### Problem statement
Below are records with pictures in them. Output exactly the lines from the one with "Russell Hobbs 26071" through the one with "Olive Boot Stitch Embossed Pullover (XS-XXL)", both included, and leave every picture out; give only those lines.

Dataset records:

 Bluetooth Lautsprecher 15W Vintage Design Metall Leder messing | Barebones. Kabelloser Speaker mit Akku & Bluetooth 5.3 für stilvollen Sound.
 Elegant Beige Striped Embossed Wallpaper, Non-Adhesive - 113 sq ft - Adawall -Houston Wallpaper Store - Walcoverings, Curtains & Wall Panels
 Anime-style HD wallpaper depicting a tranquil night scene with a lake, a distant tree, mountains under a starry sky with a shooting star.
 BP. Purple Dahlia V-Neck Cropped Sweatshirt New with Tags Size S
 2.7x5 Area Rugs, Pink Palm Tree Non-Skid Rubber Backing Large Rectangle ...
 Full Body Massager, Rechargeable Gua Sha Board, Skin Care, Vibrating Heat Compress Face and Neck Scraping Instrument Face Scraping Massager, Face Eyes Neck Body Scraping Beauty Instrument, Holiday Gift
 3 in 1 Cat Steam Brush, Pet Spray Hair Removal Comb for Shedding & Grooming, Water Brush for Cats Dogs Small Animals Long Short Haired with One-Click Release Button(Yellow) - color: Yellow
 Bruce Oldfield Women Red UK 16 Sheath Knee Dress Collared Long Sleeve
* * *
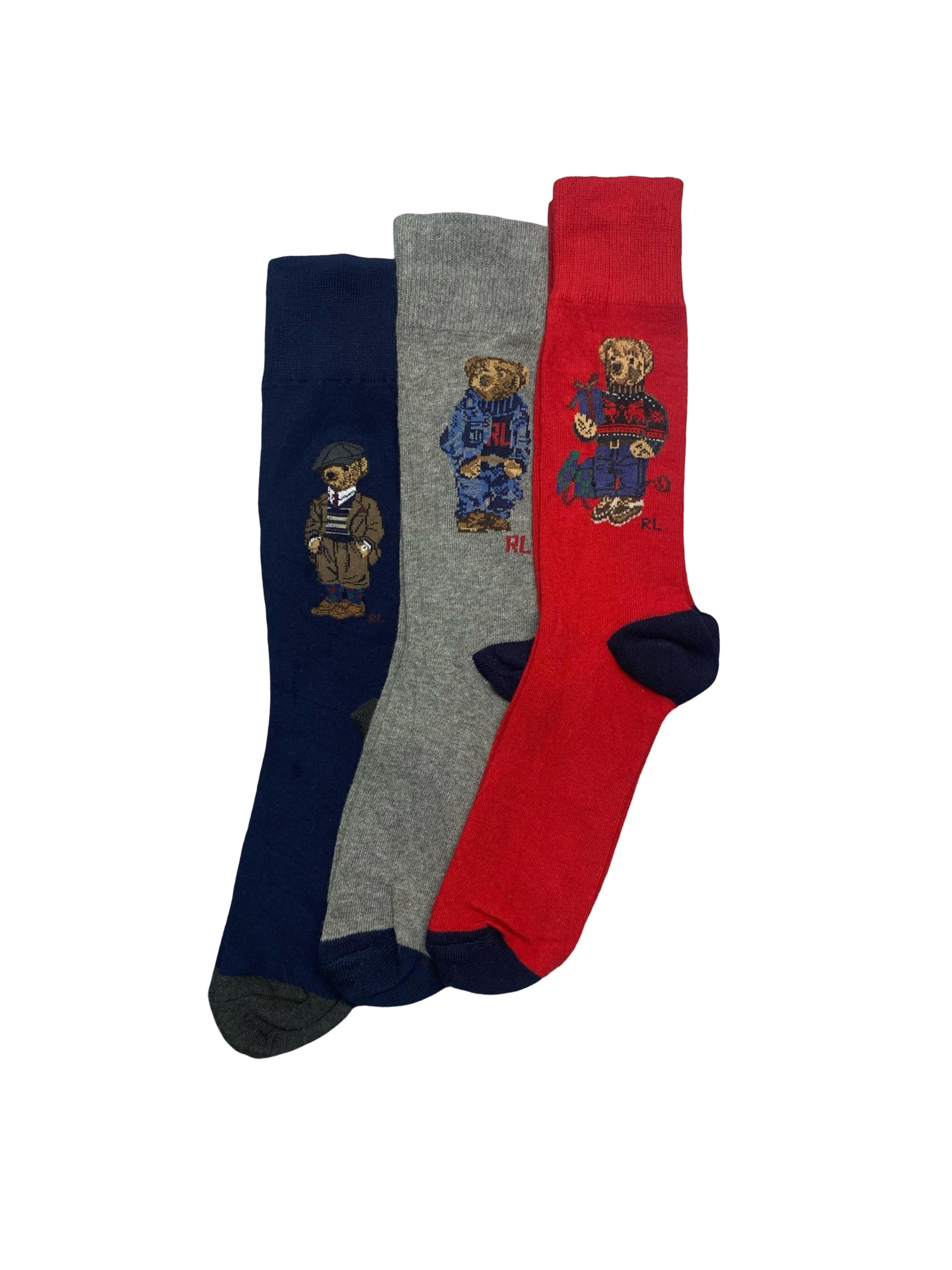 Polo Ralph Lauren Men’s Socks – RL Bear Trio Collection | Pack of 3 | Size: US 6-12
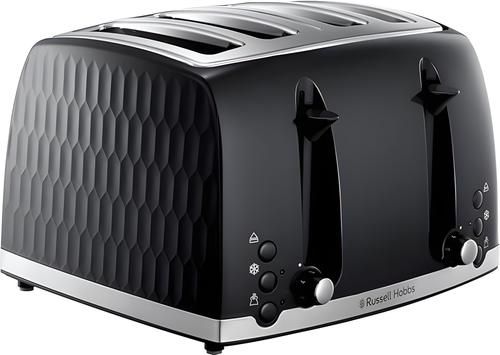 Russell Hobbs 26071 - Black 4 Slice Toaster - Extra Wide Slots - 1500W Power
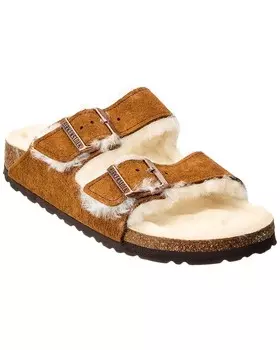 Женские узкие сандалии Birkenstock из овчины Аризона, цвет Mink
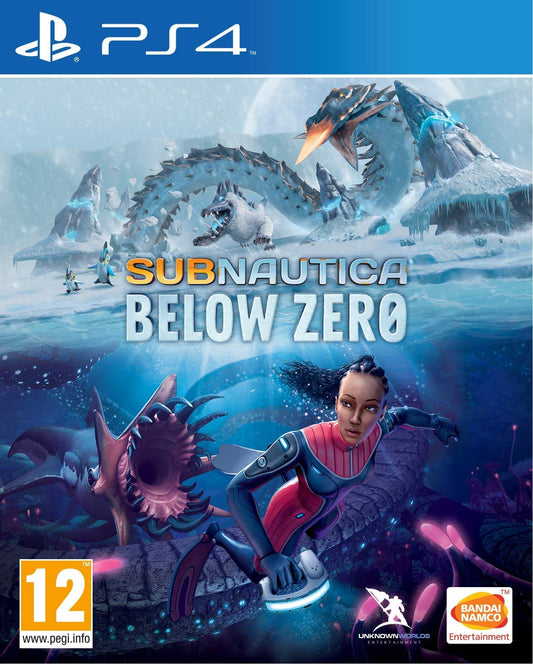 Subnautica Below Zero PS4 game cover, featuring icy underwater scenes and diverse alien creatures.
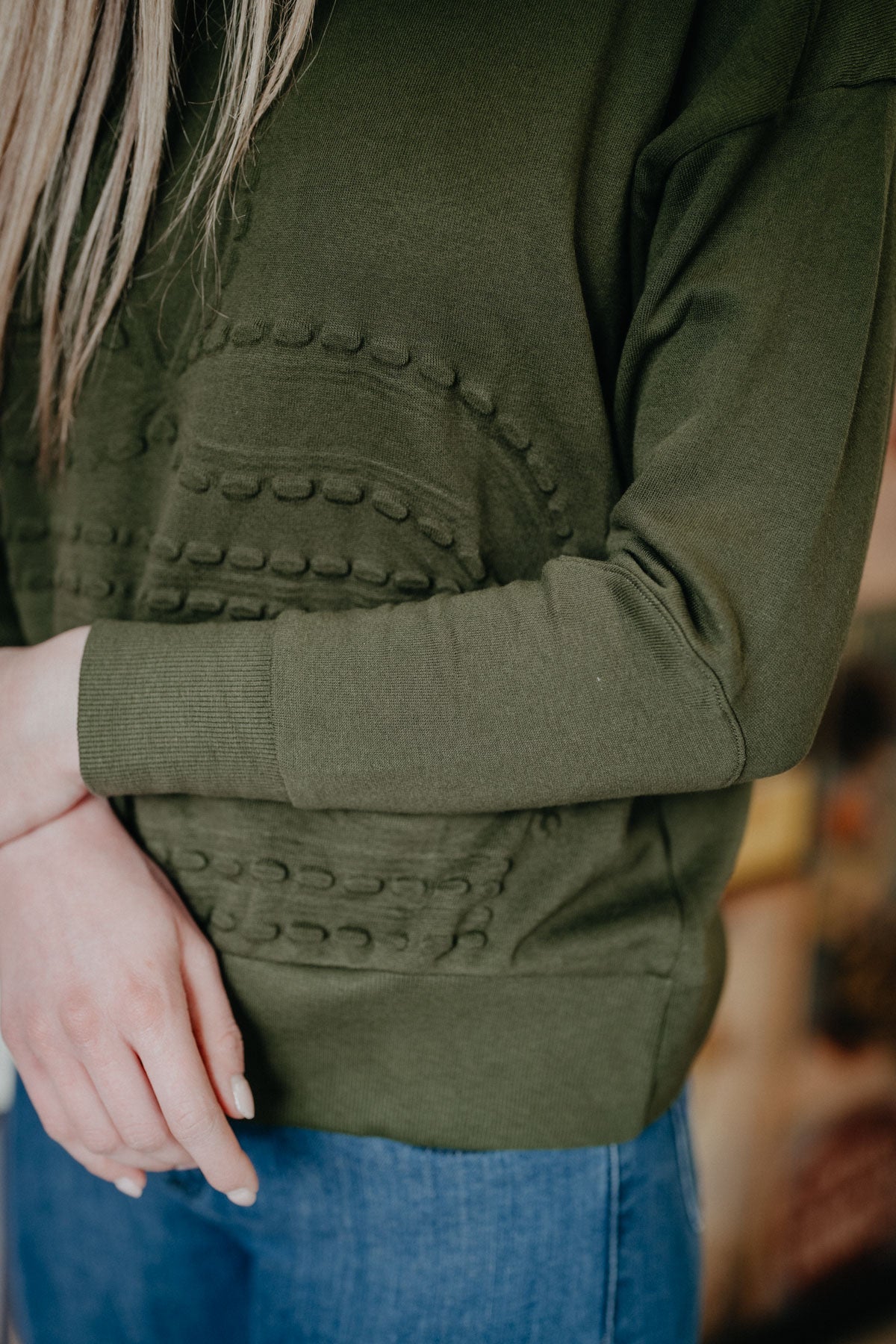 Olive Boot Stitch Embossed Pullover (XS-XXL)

### Solution below
 Russell Hobbs 26071 - Black 4 Slice Toaster - Extra Wide Slots - 1500W Power
 Женские узкие сандалии Birkenstock из овчины Аризона, цвет Mink
 Subnautica Below Zero PS4 game cover, featuring icy underwater scenes and diverse alien creatures.
 Olive Boot Stitch Embossed Pullover (XS-XXL)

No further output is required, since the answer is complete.